_Goal of the exercise:_ Beginning with the first line, retype exactly the records below up to and including the line with "Wallace & Barnes"; pictures do not belong in the copy.

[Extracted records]
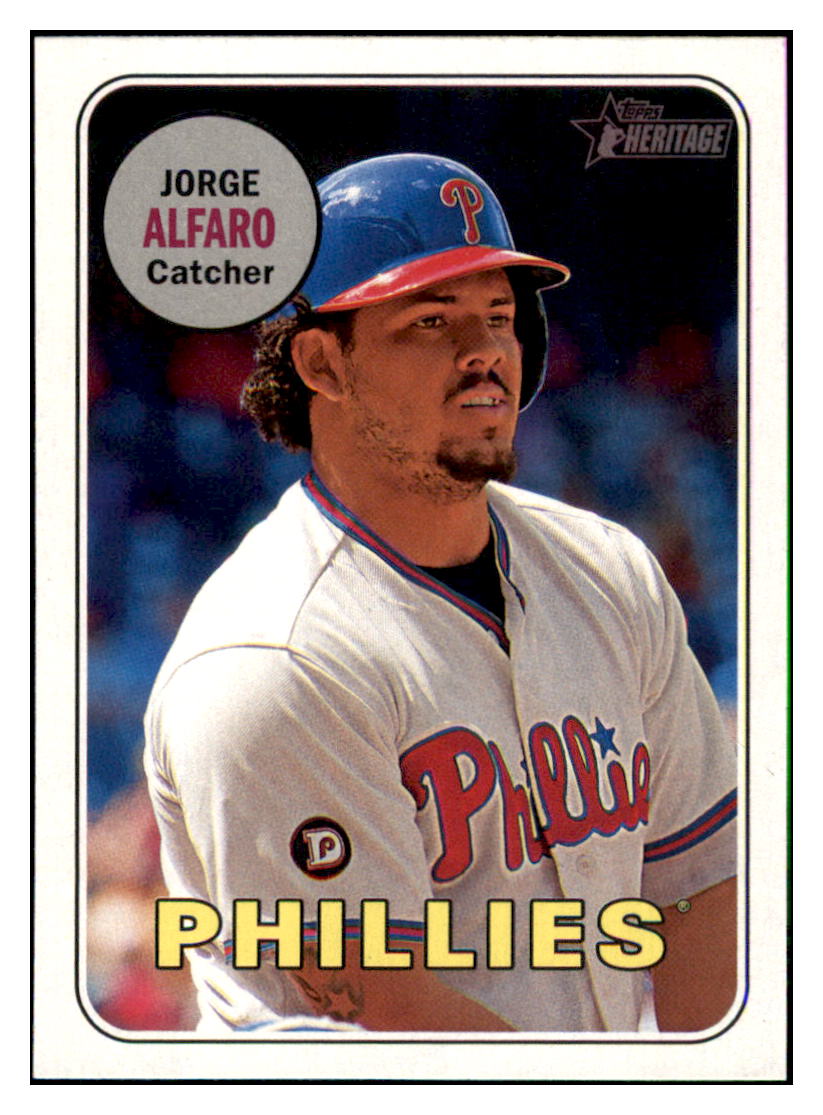 2018 Topps Heritage Jorge
  Alfaro   Philadelphia Phillies Baseball
  Card TMH1A simple Xclusive Collectibles   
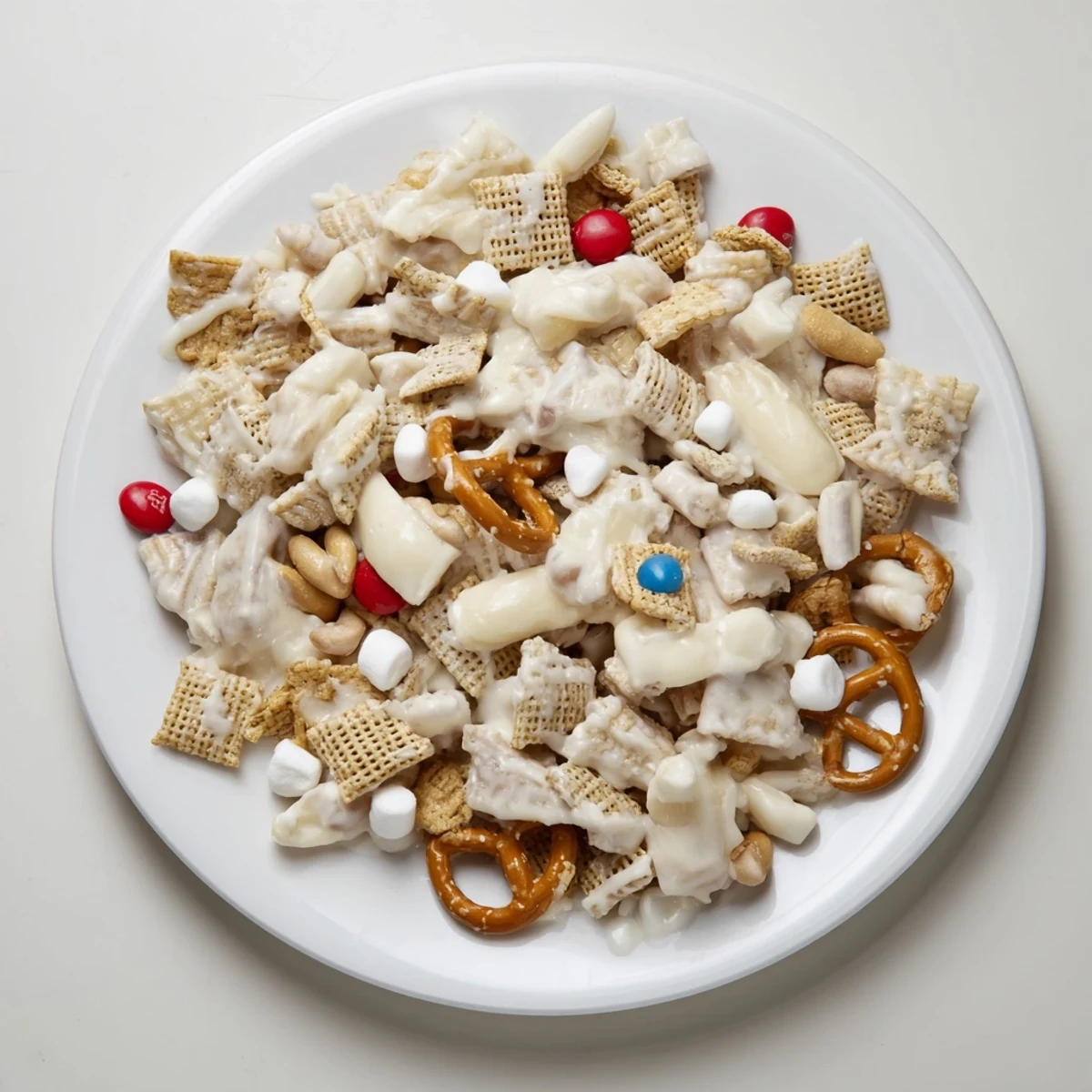 Sweet and salty White Trash Snack Mix studded with M&M's and peanuts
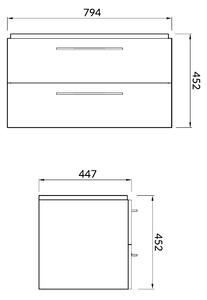 Cersanit Mille mosdó szekrénnyel 81 cm fehér S801-338-DSM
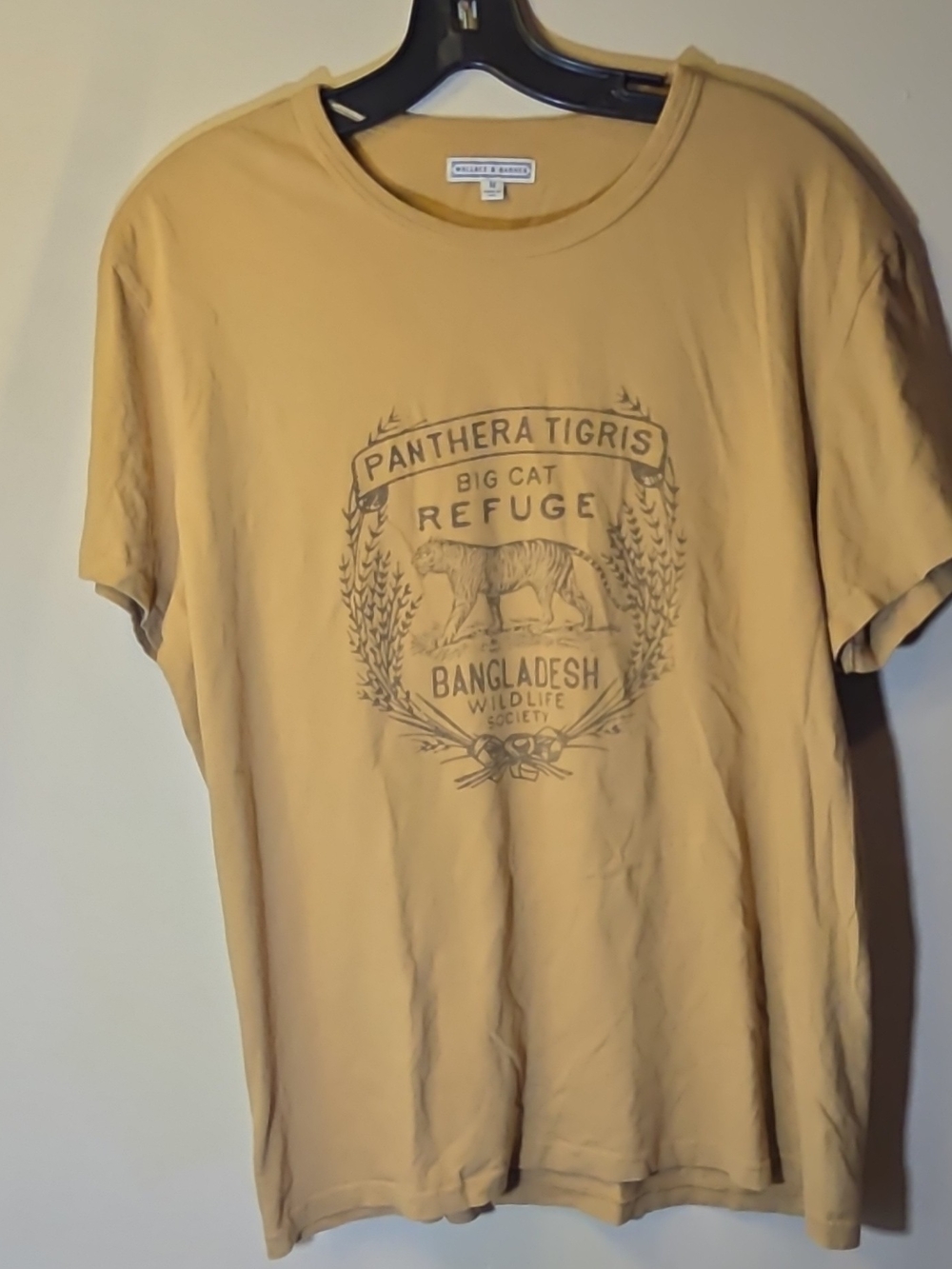 Wallace & Barnes Men’s Tan Tiger Wildlife Graphic Crew Neck T-Shirt Size M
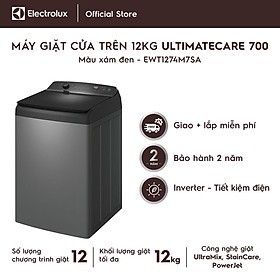 Mua  Free Giao lắp  Máy giặt cửa trên Electrolux 12kg UltimateCare 700 EWT1274M7SA - Xám đen  giặt sạch sâu  không cặn giặt tẩy  Hàng chính hãng 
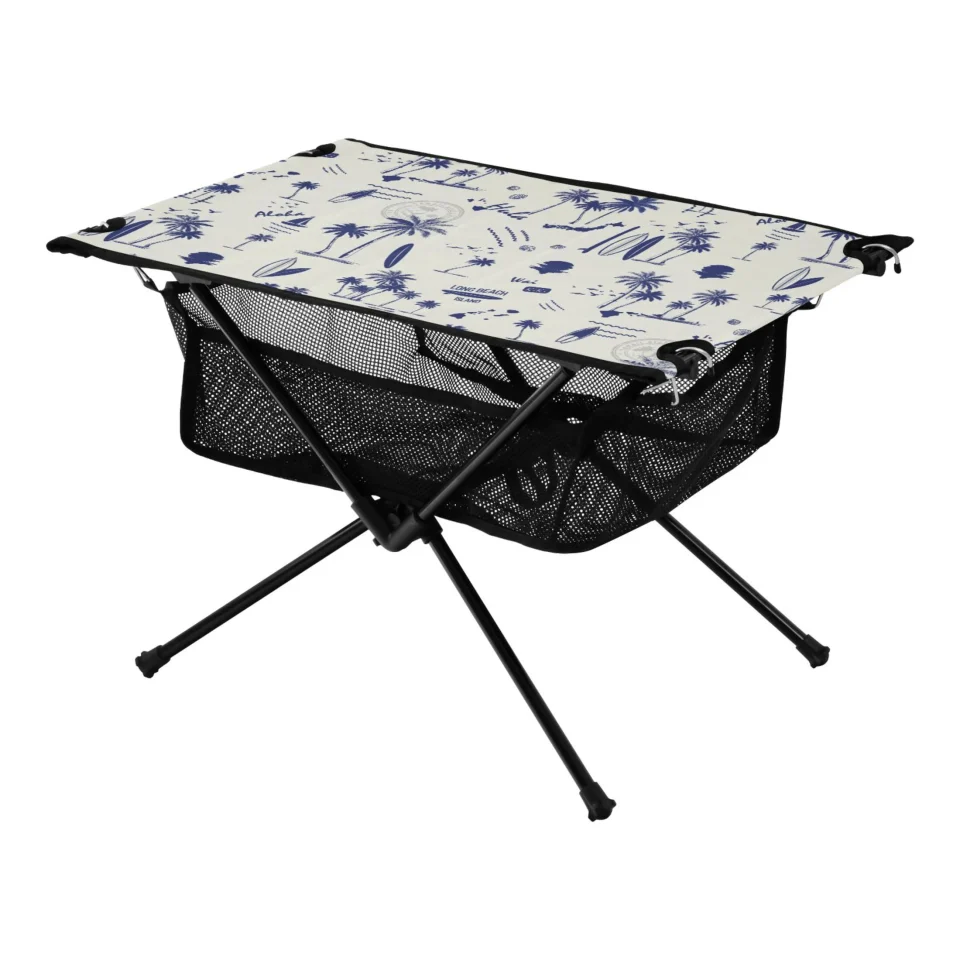 Stainless Steel Value Hawaii Palm Tree Summer Camping Folding Table Portable Beach Table with Storage Bag Compact Picnic Table for Outdoor Travel Fishing BBQ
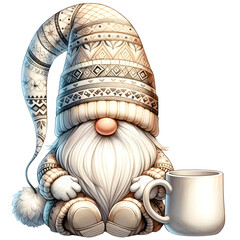 Watercolor of cute chubby gnome in beiged earth tone rich old money outfit. Gnome sitting with   coffee cup. Rich and wealthy gnome theme. Manifestion abundance gnome. 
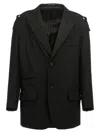 Yohji Yamamoto Single-breasted Blazer With Strap Detail In Black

_Output:_
 2018 Topps Heritage Jorge
  Alfaro   Philadelphia Phillies Baseball
  Card TMH1A simple Xclusive Collectibles   
 Sweet and salty White Trash Snack Mix studded with M&M's and peanuts
 Cersanit Mille mosdó szekrénnyel 81 cm fehér S801-338-DSM
 Wallace & Barnes Men’s Tan Tiger Wildlife Graphic Crew Neck T-Shirt Size M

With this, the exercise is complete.